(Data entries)
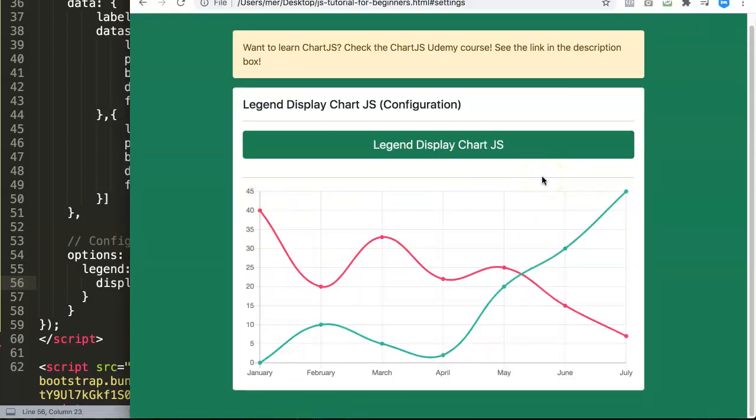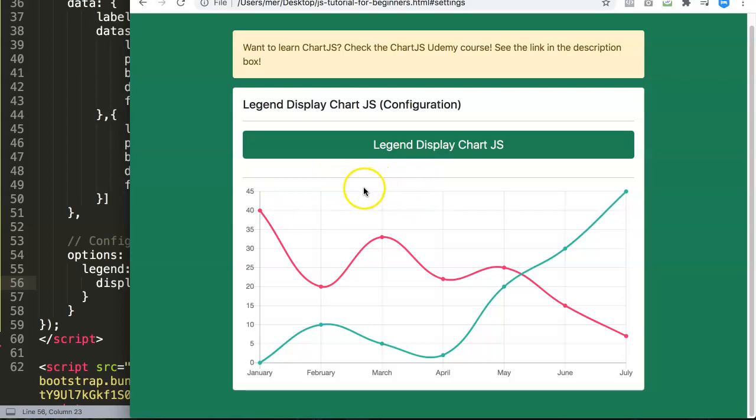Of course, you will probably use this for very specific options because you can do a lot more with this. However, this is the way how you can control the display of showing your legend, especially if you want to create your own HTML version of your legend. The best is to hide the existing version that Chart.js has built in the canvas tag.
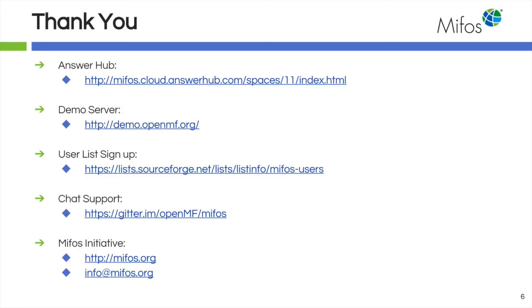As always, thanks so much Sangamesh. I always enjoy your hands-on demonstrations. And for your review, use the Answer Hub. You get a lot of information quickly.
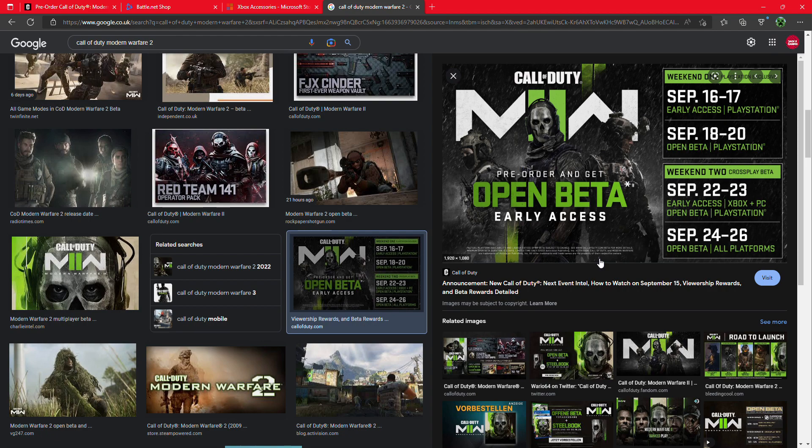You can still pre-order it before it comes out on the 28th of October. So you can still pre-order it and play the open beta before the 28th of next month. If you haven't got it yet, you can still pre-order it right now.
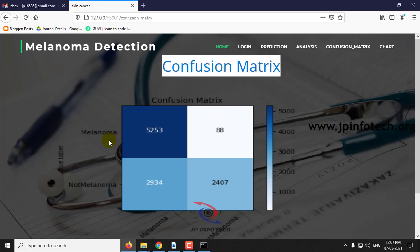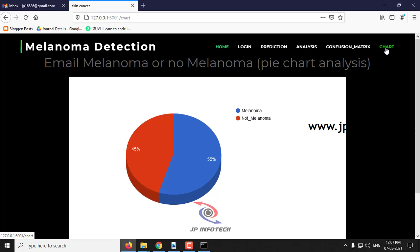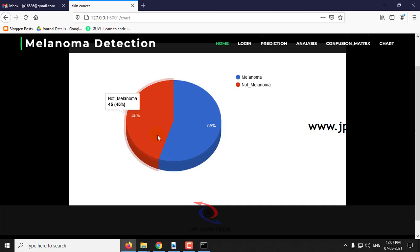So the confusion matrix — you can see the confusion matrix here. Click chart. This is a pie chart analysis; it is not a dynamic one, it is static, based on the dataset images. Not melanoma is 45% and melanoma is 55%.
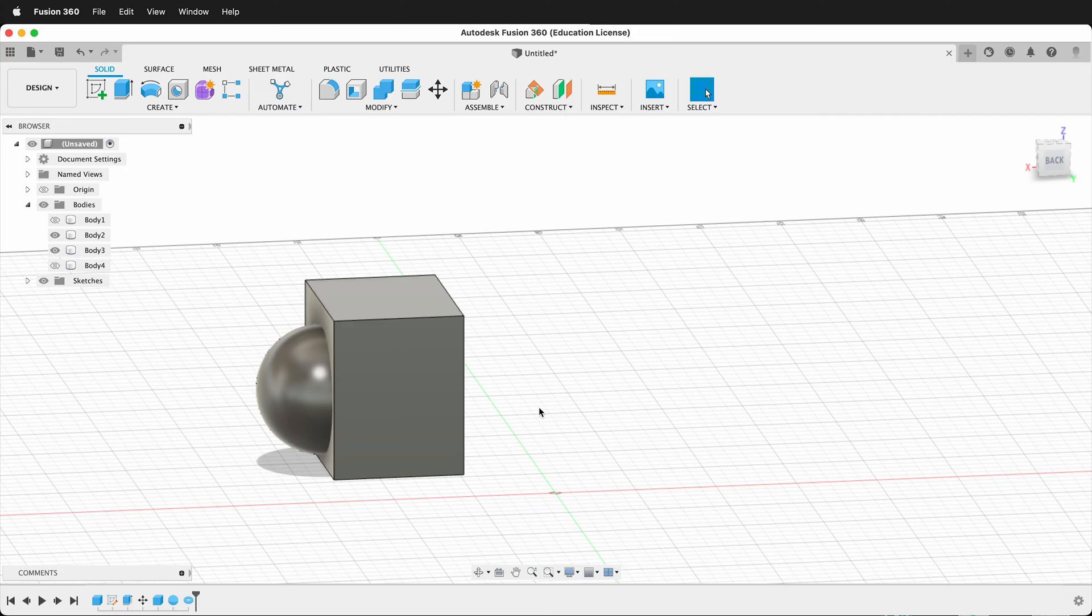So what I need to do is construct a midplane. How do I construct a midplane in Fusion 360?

→ Task description: With the pictures omitted, the records above are to be repeated exactly.

→ Exercise answer:
Of course, you will probably use this for very specific options because you can do a lot more with this. However, this is the way how you can control the display of showing your legend, especially if you want to create your own HTML version of your legend. The best is to hide the existing version that Chart.js has built in the canvas tag.
As always, thanks so much Sangamesh. I always enjoy your hands-on demonstrations. And for your review, use the Answer Hub. You get a lot of information quickly.
You can still pre-order it before it comes out on the 28th of October. So you can still pre-order it and play the open beta before the 28th of next month. If you haven't got it yet, you can still pre-order it right now.
So the confusion matrix — you can see the confusion matrix here. Click chart. This is a pie chart analysis; it is not a dynamic one, it is static, based on the dataset images. Not melanoma is 45% and melanoma is 55%.
So what I need to do is construct a midplane. How do I construct a midplane in Fusion 360?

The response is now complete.